**Exercise**
The answer must be every record below, repeated exactly.

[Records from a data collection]
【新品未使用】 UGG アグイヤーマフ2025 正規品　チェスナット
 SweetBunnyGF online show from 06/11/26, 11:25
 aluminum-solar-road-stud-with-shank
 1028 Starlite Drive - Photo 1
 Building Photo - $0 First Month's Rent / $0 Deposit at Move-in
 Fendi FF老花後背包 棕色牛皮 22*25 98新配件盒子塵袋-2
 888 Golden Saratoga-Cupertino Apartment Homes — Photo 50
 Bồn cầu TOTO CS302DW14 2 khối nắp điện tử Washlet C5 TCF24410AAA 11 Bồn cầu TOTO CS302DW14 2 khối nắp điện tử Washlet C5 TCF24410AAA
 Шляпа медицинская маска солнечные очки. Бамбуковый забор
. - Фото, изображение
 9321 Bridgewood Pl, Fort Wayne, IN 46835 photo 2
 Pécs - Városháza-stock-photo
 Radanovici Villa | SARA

**Exercise result**
【新品未使用】 UGG アグイヤーマフ2025 正規品　チェスナット
 SweetBunnyGF online show from 06/11/26, 11:25
 aluminum-solar-road-stud-with-shank
 1028 Starlite Drive - Photo 1
 Building Photo - $0 First Month's Rent / $0 Deposit at Move-in
 Fendi FF老花後背包 棕色牛皮 22*25 98新配件盒子塵袋-2
 888 Golden Saratoga-Cupertino Apartment Homes — Photo 50
 Bồn cầu TOTO CS302DW14 2 khối nắp điện tử Washlet C5 TCF24410AAA 11 Bồn cầu TOTO CS302DW14 2 khối nắp điện tử Washlet C5 TCF24410AAA
 Шляпа медицинская маска солнечные очки. Бамбуковый забор
. - Фото, изображение
 9321 Bridgewood Pl, Fort Wayne, IN 46835 photo 2
 Pécs - Városháza-stock-photo
 Radanovici Villa | SARA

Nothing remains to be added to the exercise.